City staff on Aug. 8 presented a revised five‑year capital improvement plan that separates large, not‑yet‑committed projects from the city’s funded capital program and places them on an “unfunded” list for later consideration. The change is intended to make the plan a more realistic financial tool and to avoid skewing future‑year cash‑flow projections.
The move affects large, high‑cost items including the North Shore Bridge, an aquatic center renovation estimated in the presentation at $3,200,000, a proposed downtown parking garage, and other major projects that staff said had not received firm direction or funding. Tom (staff member) told the commission the city will “come back to you, once we have engineering complete and we have a firmer number” before asking how to fund construction.
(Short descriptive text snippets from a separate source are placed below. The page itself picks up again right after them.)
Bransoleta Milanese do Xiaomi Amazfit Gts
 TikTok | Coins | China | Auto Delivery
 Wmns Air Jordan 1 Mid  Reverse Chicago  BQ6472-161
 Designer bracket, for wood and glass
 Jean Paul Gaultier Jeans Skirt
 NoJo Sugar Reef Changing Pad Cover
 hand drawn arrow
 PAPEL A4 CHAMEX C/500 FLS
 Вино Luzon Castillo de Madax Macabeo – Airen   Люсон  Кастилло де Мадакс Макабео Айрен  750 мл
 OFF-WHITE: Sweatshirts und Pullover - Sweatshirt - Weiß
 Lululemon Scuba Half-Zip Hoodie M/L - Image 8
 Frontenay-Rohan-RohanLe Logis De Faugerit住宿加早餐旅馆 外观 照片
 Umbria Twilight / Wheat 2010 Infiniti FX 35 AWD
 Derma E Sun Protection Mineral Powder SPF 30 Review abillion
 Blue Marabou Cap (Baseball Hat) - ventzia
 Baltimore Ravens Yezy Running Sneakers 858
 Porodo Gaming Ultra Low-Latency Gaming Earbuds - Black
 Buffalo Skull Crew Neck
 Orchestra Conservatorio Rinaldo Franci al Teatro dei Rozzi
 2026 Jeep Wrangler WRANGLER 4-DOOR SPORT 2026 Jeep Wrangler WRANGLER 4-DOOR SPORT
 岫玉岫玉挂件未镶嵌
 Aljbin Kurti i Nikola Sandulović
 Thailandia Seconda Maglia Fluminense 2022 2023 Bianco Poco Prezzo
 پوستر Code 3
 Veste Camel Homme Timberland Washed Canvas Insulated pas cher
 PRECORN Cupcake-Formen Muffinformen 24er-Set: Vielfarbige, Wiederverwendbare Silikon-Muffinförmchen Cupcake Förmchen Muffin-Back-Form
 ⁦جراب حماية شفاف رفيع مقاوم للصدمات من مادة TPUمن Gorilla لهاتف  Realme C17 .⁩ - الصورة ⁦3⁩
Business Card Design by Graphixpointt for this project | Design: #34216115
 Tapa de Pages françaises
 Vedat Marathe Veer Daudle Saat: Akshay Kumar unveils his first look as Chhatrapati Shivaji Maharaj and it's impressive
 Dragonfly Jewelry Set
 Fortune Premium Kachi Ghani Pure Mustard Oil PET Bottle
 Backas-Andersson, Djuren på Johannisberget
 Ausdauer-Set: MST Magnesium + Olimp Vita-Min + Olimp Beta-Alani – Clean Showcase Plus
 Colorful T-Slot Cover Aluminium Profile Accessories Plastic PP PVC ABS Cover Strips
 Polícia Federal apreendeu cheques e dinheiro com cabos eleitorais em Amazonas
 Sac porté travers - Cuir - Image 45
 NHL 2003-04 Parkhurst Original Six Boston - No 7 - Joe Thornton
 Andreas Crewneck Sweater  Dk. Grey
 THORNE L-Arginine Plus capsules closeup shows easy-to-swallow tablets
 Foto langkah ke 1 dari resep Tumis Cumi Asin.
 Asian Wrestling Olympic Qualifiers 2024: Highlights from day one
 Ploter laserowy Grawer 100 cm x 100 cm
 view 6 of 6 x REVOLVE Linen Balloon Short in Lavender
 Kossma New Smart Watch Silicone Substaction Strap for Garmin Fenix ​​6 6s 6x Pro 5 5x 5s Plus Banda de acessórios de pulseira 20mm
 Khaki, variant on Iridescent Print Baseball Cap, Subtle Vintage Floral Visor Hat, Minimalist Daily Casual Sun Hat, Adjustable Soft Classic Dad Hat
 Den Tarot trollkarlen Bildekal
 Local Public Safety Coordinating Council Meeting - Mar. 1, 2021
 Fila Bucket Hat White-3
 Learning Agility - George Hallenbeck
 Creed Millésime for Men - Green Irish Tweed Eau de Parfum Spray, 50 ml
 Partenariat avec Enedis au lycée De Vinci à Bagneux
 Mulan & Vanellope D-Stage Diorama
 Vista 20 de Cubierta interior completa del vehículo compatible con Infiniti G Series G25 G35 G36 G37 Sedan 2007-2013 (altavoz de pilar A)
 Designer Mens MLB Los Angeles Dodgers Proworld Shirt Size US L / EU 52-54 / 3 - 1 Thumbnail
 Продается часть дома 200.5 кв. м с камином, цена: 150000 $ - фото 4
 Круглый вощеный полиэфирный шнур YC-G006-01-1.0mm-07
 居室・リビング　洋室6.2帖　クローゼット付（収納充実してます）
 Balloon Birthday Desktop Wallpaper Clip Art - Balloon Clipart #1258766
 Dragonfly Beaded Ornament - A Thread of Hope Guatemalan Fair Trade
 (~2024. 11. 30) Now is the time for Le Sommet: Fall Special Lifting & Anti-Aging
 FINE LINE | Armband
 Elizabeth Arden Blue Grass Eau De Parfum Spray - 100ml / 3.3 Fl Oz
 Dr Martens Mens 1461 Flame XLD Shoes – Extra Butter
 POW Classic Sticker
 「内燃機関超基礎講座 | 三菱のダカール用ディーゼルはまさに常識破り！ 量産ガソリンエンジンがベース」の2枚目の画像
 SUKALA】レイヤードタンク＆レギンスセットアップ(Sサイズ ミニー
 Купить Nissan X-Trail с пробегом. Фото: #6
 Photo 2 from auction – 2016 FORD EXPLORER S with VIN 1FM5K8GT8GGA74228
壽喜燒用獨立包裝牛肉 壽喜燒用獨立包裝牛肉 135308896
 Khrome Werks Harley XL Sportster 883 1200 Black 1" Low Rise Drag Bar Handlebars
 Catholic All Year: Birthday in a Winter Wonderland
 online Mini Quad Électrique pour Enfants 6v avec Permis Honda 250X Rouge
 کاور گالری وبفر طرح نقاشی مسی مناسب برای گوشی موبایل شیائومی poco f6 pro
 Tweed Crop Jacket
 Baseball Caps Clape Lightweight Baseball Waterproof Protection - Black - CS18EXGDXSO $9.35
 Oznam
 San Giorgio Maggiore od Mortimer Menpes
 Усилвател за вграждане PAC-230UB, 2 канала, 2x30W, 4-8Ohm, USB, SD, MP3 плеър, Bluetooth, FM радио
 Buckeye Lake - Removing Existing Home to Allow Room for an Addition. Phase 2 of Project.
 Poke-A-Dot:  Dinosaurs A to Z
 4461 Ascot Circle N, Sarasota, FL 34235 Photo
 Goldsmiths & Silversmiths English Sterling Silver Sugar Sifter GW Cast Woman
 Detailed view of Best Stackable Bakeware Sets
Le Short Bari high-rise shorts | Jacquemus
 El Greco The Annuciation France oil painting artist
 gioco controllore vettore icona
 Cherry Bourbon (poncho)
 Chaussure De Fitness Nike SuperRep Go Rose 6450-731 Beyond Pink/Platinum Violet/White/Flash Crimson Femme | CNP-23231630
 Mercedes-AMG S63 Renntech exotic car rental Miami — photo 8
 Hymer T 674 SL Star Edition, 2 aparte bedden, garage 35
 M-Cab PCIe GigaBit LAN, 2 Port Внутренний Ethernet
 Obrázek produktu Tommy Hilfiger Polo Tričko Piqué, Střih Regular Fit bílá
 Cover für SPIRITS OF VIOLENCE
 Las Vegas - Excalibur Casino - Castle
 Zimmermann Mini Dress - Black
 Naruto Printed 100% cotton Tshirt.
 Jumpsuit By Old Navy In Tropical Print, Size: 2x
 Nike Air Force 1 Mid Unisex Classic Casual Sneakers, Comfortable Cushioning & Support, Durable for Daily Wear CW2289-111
Why it matters: separating “unfunded” projects reduces the appearance of future budget shortfalls driven by speculative construction costs and focuses the CIP on projects the city expects to fund in the short term. It also gives commissioners clearer choices about whether to use reserves, grants or partnerships to pursue large items.
Key details presented by Laurie (finance staff) explained the city’s funding sources and limits: general‑fund surplus for one‑time projects, a countywide 1¢ local option sales tax that can be used only for capital through 2032, fuel taxes restricted to roads and streets, community redevelopment agency (CRA) incremental tax dollars limited to CRA area activities, stormwater and utility enterprise funds restricted to their systems, and impact fees usable only for expansion tied to growth. Laurie noted the CIP treats grant‑funded projects as gross expense with revenue shown separately so slide numbers are not net figures.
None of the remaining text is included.